Crows mate for life, have one brood a year, and the siblings help raise the crowlets.  If a spouse dies, a nephew or niece helps out.  During the spring mating season, the families live separately; but during fall and winter, the families all roost together.  They begin congregating in the early evenings, pick a staging area, shift areas, and join other families, their numbers increasing logarithmically, hundreds and thousands of them, flying like a blizzard, and says a researcher, great confusion is evident.   They somehow converge into a single roost, talking continually on into the night. The noise they make is three-dimensional.

Nobody knows why they do this: maybe they’re warmer this way, maybe it’s defense against predators like hawks and owls, maybe they can gang up on the hawks and owls, maybe they tell each other where the food is.

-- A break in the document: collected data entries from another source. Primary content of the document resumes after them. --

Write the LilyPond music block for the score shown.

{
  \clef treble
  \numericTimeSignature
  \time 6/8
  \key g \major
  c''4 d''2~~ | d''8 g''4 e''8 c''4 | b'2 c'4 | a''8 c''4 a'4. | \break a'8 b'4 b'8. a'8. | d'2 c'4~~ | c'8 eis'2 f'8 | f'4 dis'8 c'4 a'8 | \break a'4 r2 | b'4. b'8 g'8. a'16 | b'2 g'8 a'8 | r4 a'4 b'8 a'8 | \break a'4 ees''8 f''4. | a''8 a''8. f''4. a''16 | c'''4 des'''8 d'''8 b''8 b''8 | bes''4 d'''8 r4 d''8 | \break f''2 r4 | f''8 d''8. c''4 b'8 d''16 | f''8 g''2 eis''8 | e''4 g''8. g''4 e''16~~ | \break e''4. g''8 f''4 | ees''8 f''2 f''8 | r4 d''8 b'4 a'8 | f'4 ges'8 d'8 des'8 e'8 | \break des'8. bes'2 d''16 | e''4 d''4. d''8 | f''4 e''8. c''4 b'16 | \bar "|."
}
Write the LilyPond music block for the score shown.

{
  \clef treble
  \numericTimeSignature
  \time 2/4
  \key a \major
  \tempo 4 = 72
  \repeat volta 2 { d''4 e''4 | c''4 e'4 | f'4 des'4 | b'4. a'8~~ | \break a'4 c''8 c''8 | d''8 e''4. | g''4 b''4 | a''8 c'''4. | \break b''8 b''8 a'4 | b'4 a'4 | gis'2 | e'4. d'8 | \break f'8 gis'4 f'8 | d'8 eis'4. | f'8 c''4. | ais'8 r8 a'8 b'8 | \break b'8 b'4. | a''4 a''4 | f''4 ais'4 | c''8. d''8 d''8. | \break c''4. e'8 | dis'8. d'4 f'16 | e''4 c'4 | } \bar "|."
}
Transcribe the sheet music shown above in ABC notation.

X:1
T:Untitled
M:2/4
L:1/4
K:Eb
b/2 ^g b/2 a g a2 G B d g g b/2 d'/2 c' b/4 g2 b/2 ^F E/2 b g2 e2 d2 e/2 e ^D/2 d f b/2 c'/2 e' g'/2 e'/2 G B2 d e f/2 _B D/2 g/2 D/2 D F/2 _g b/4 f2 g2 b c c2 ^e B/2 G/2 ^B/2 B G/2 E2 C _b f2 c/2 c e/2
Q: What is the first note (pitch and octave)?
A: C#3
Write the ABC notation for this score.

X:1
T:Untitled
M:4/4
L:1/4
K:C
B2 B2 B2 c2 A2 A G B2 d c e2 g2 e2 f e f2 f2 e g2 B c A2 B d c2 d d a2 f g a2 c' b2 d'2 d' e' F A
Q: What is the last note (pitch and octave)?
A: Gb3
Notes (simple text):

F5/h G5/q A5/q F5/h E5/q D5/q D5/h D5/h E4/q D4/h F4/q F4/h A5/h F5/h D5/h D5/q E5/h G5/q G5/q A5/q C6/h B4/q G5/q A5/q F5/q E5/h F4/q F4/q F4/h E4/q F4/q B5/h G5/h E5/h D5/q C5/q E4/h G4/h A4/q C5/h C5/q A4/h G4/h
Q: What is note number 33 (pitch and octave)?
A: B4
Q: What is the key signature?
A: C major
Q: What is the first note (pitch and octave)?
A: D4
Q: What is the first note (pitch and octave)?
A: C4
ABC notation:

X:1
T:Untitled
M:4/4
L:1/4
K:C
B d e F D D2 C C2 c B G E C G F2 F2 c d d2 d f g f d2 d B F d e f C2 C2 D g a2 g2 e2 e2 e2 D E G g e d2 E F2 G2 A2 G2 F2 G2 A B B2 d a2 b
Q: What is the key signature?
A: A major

For some reason, crows’ social sense extends to us.  They recognize individual people.   If you feed them, they wait for you and for no other person; they follow you down the street; they follow your car; they follow your car if you’re across town; they tell their friends about you and pretty soon, you’re followed by a gang of crows.  If you take young crows out of nests to band them, the crows hate you.  “Whenever they notice me in their territory,” says a crow researcher who bands young crows, “they will come over and yell at me. They will follow me around and keep yelling for as long as I am there.”

So to cap my argument, another poem, this one about farmers shooting crows:  “they ran out of shells before they ran out of crows/ and the crows came back and walked around the pellets and/stuck out their tongues/ and mourned their dead and elected new leaders/ and then all at once flew home to fuck to fill the gap.”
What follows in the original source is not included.